Now, with Greek unemployment at 25%, people are starting to remember. They’re also realizing that the assumption that people with no job, no prospects, and the inability to feed a family at a time when govt support is slashed are probably unlikely to just sit there and take foreign govt imposed austerity for the sake of a promised future in 10 years when they live in a democratic society. Particularly when the governments imposing this are still growing and chugging along, it just makes too easy of a political pinata. And it’s not just Greece, Spain and Italy are most likely broken beyond repair when looking at their fiscal balance sheet as well.

So the root of problem comes from the fact that if Greece leaves, all of those Eurozone garuntees that people just seemingly take for granted on 10 and 15 year debt start to look a little flimsy when you realize a country can just bizounce at any point on this long road if the people get antsy and all that rhetoric about “commitment to the Eurozone” looks more like “commitment to the Eurozone*”. This could easily justify a 3% increase in yields / funding costs for peripheral governments, which is just enough in this very intricate balancing act to make the whole thing unsustainable, at which point it becomes a self fulfilling prophecy. It’s important to keep in mind throughout this that these countries do not have control of their printing press so all of this debt is essentially foreign denominated debt which adds a whole lot of immediacy to any stressors they face.

I agree in that it may be inevitable, but I also agree that it may be the Lehman to their crisis.

2015 surprises (not Black Swan):

  • EM companies with USD debt, particularly those with low USD receipts through natural business ops, instigate an EM corporate debt crisis as the USD continues to rise.

  • Bezos decides AMZN is going to earn a profit this year, and does so easily…maybe $6B? Enentually the market gets tired at those sales multiples, and he knows it.

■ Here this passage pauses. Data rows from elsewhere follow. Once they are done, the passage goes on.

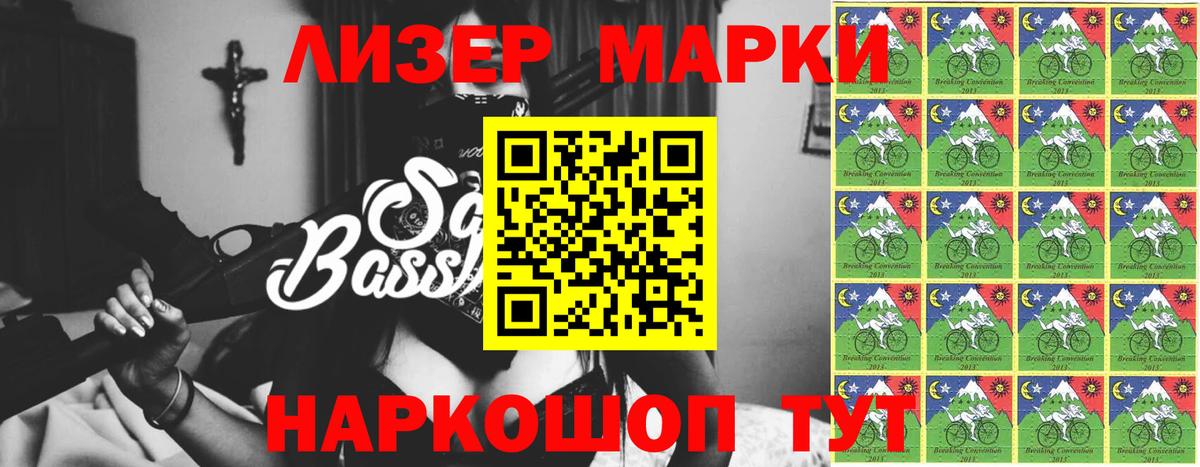 ЛСД экстази ecstasy  Вход с VPN  Фролово  ЛСД экстази ecstasy 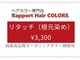 ラポールヘアカラーズ デリシア丸子店の写真
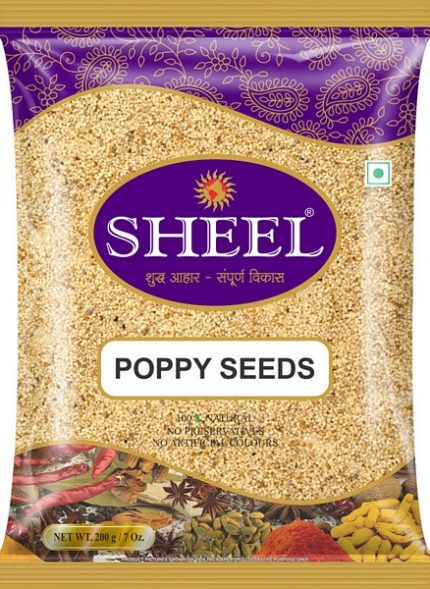 Sheel Poppy Seeds (Khus-Khus) - 7 Oz.
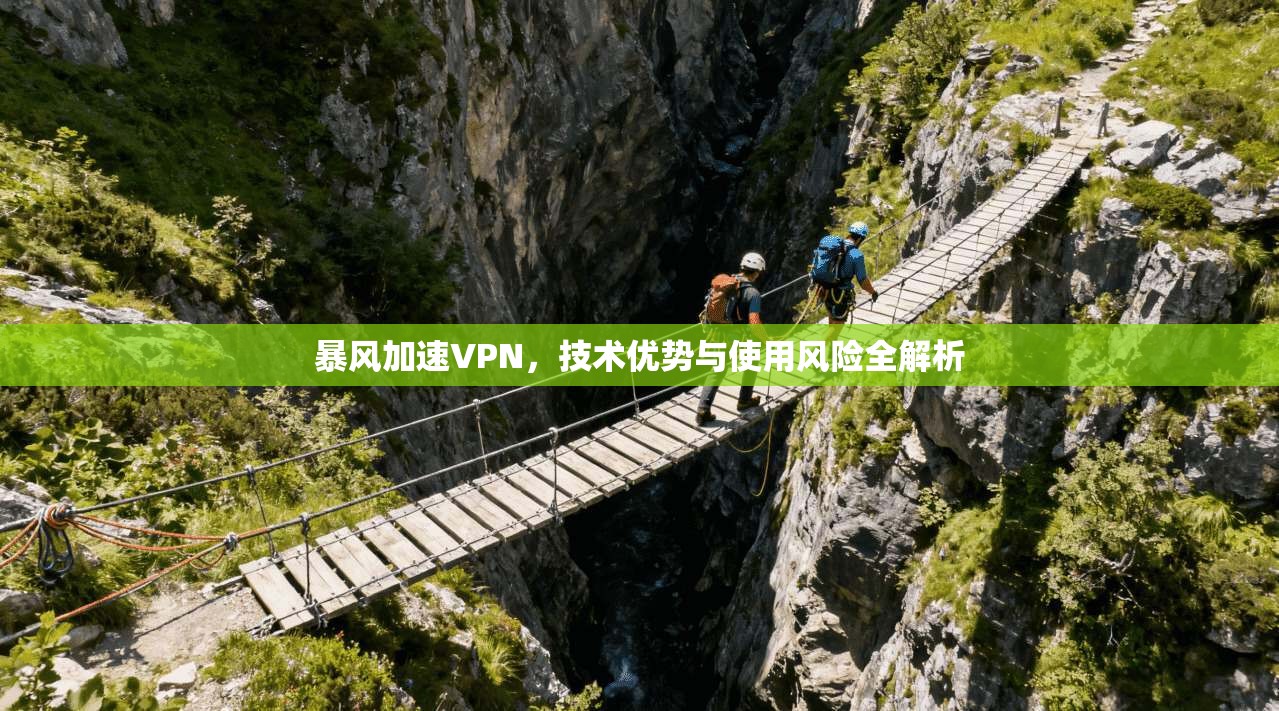 暴风加速VPN，技术优势与使用风险全解析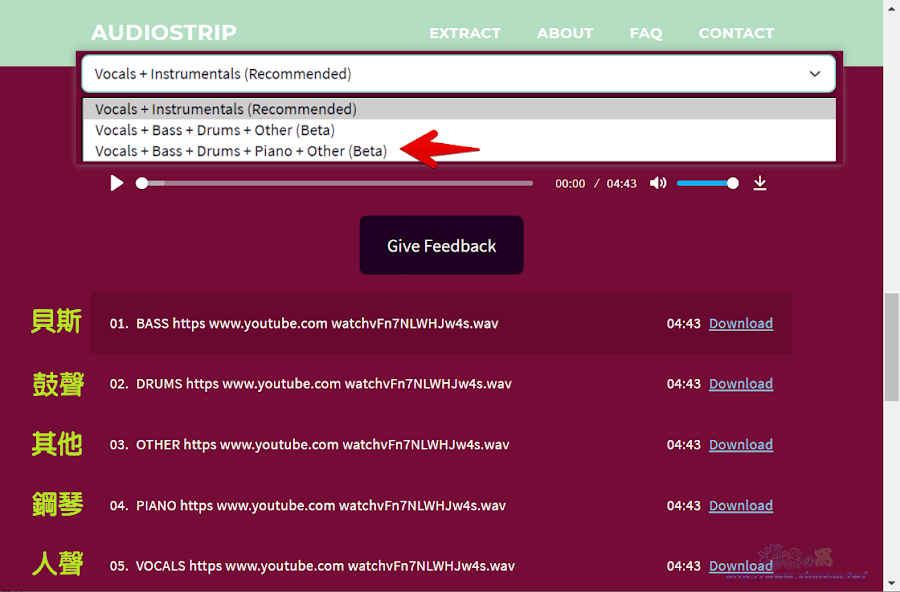 AudioStrip 線上分離歌曲人聲與伴奏音樂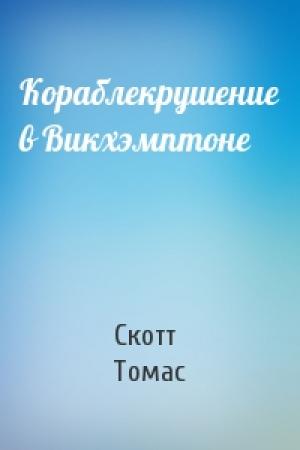 Обложка книги «Кораблекрушение в Викхэмптоне» — Скотт Томас
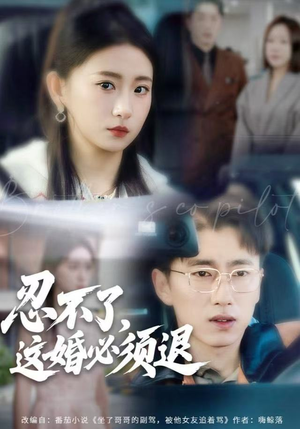 忍不了，这婚必须腿（60集）热门短剧看不停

agreed. it’s all about perception and trust. without it, the ECB will have to buy $5 trillion in bonds to make everyone happy. i’m not sure the ECB has the ability to buy $5 trillion in bonds given it has to answer to the Bundesbank. if Greece goes down, Cyprus goes down, and Portugal and Spain are not far behind. the rest of the PIIGS+F will be back to yields that make their debt loads unsustainable and will eventually go down as well.

if Greece goes down, without rampant ECB bond buying, which probably won’t actually happen, the deflationary pressures will be unlike what we’ve seen since the Depression.

this is why recent Merkel comments state that so long as Tspiras is willing to discuss the issue and bend a little bit, a new deal can be made. So basically as long as Tspiras allows the EU to save some face, he’ll get his way for the most part. Merkel knows that Greece has all of the power and the rest of the Eurozone is at Greece’s will. Tspiras will be seen as a God in Greece when he makes the Eurozone establishment bend just like he said he would. He will be in power for a long time if he gets voted in. him being in power and him making the EU bend is very bad for the Eurozone in the long-run, but it would solve the near-term problem of debt unsustainability of the peripheral nations. Eventually, this reality could be the trigger that forces Germany to leave the union.

Greece’s GDP is 1.3% of the Eurozone GDP. A fart in a windstorm. I get all these sentiment and trust and whatever analysis, but fundamentally Greece is irrelevant. The EU is better off without Greece and Greece is better off without the EU. Let’s get this over with and stop pretending its going to work.

Well we’ll have to agree to disagree.

subprime mortgages were only ~10% of the residential mortgage pool. the residential mortgage pool was only part of the total mortgage pool. it ended badly despite subprime being a small slice of the pie.

it has to do with price levels. if Europe’s LT inflation outlook goes from 1% to -2%, European stocks would decline meaningfully and so would NA stocks.

you may be right that the Grexit is nothing. but owning an overvalued market going into it is just plain dangerous. i mean, how much upside are you missing out on in the face of possible 50%+ declines if you’re wrong? it’s not like i’m selling all stocks but there is danger there and to see it and not act when you can is far from prudent.